Assignment —
Nothing but the lines below from the one holding "A blind detainee" up to and including the one holding "Nuclear cooling towers" should be copied, exactly and without pictures.

Data —
____

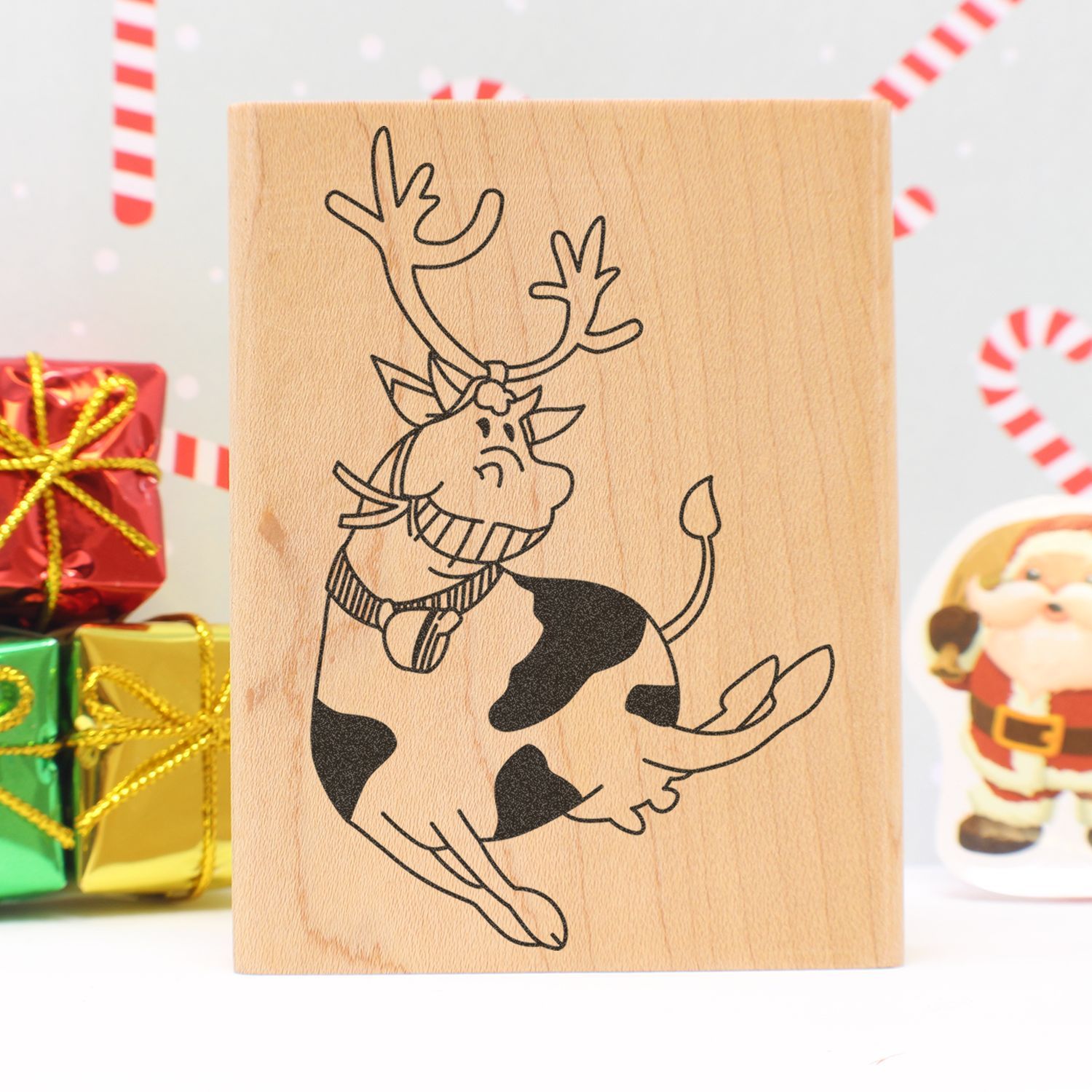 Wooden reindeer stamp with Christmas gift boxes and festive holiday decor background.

____

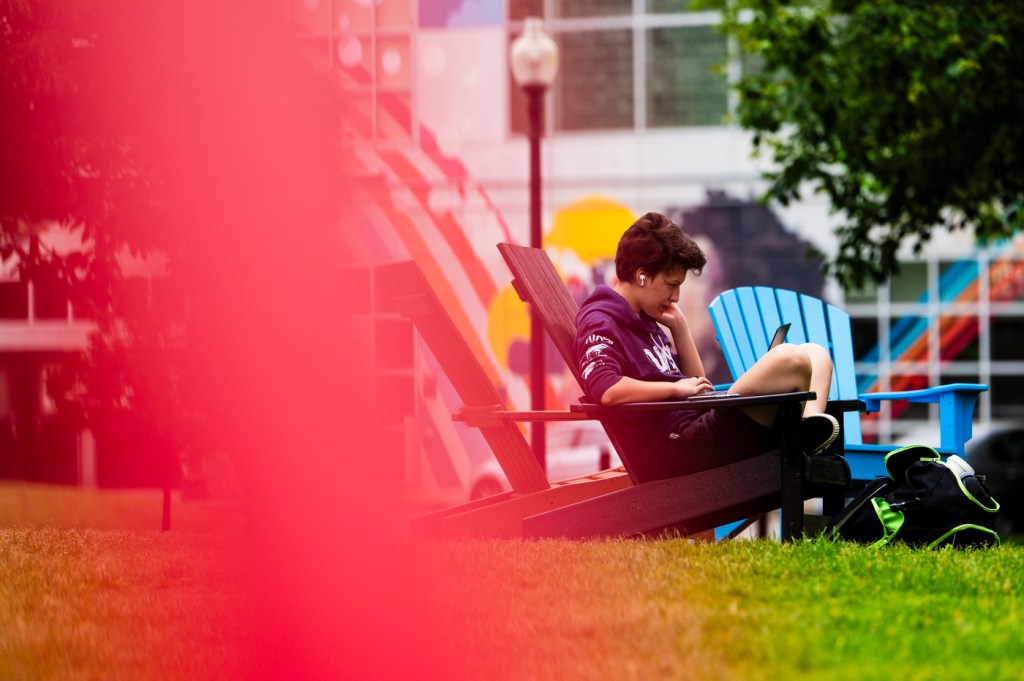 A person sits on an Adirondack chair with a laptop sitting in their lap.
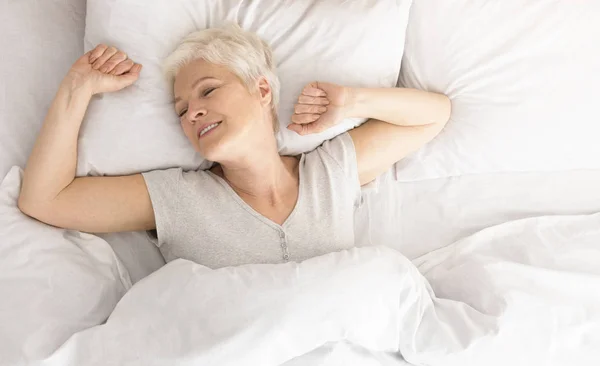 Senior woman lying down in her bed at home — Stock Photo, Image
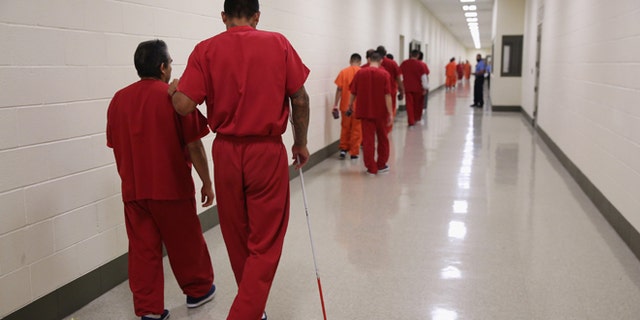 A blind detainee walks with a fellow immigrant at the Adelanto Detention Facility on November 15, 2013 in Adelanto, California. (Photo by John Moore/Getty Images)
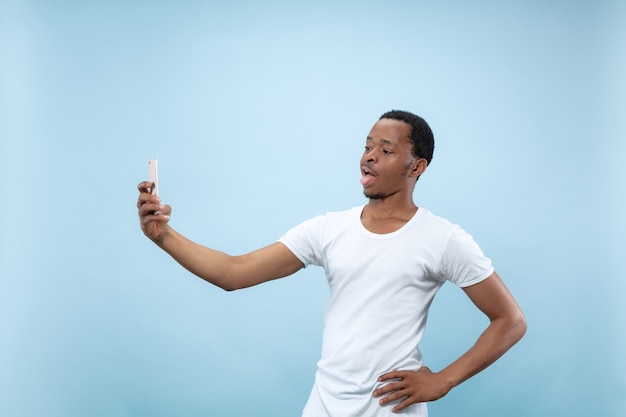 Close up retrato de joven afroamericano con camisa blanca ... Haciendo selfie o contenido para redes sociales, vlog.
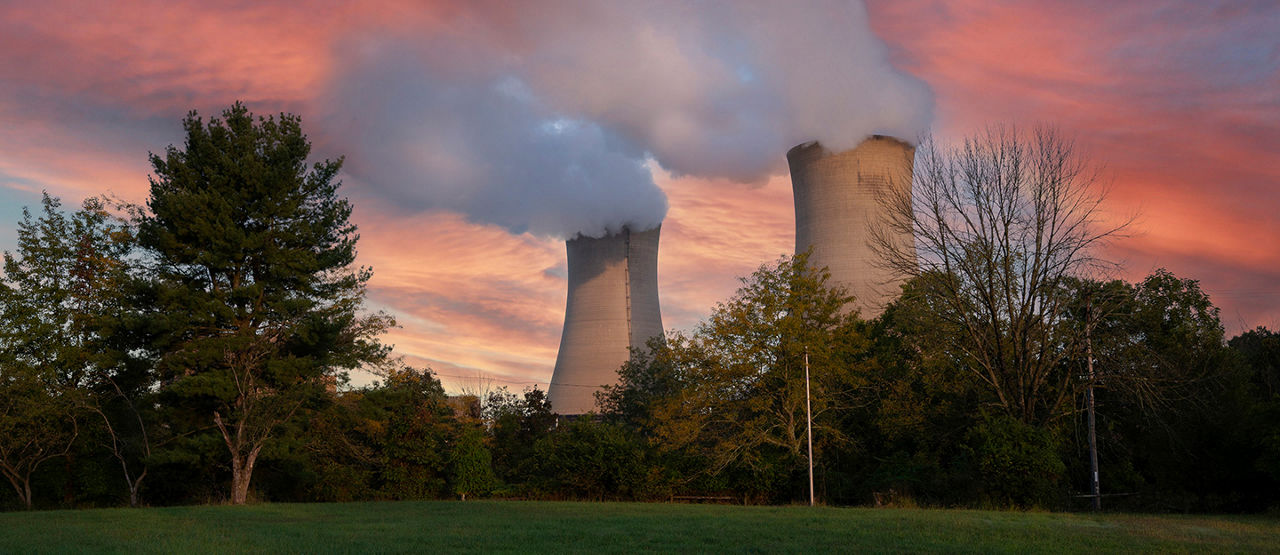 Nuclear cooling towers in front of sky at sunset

____

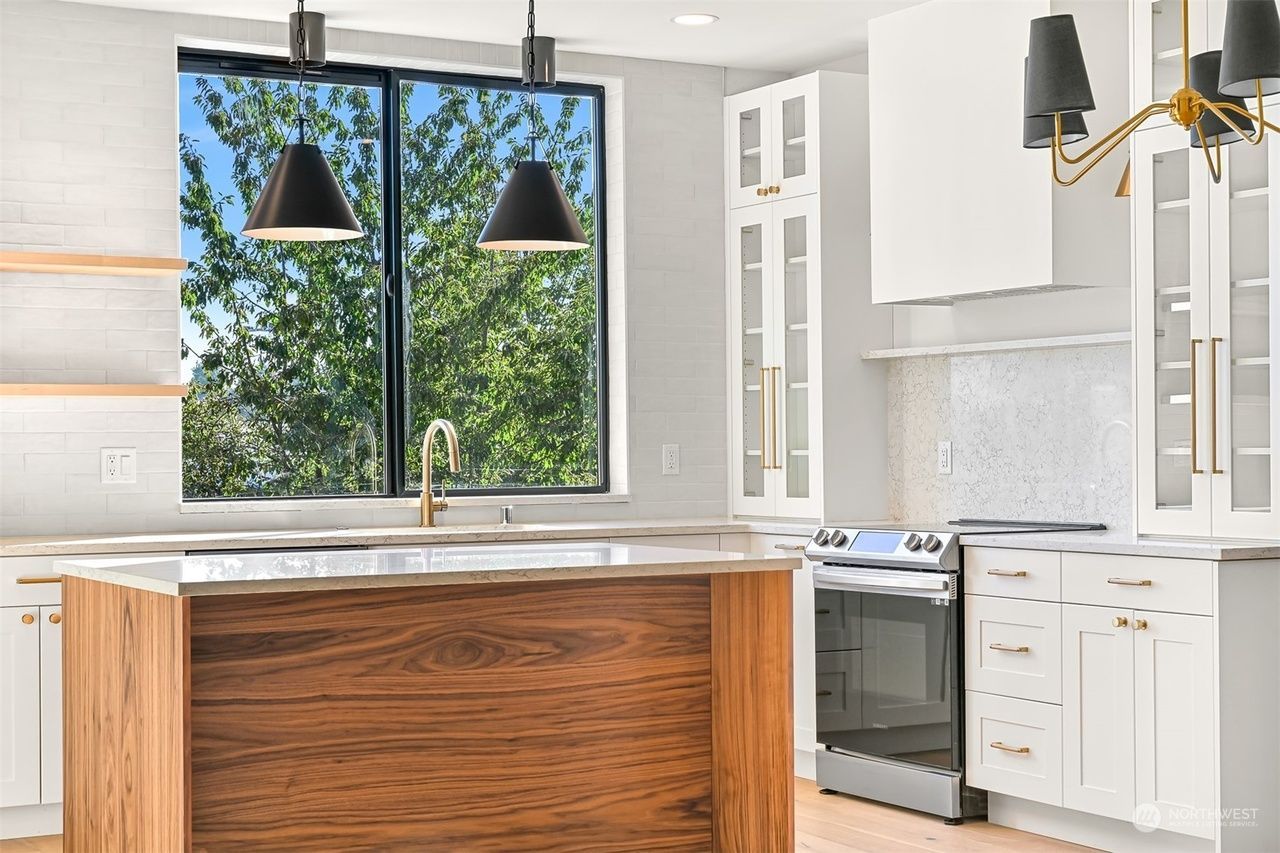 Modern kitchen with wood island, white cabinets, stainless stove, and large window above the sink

____

Task result —
 A blind detainee walks with a fellow immigrant at the Adelanto Detention Facility on November 15, 2013 in Adelanto, California. (Photo by John Moore/Getty Images)
 Close up retrato de joven afroamericano con camisa blanca ... Haciendo selfie o contenido para redes sociales, vlog.
 Nuclear cooling towers in front of sky at sunset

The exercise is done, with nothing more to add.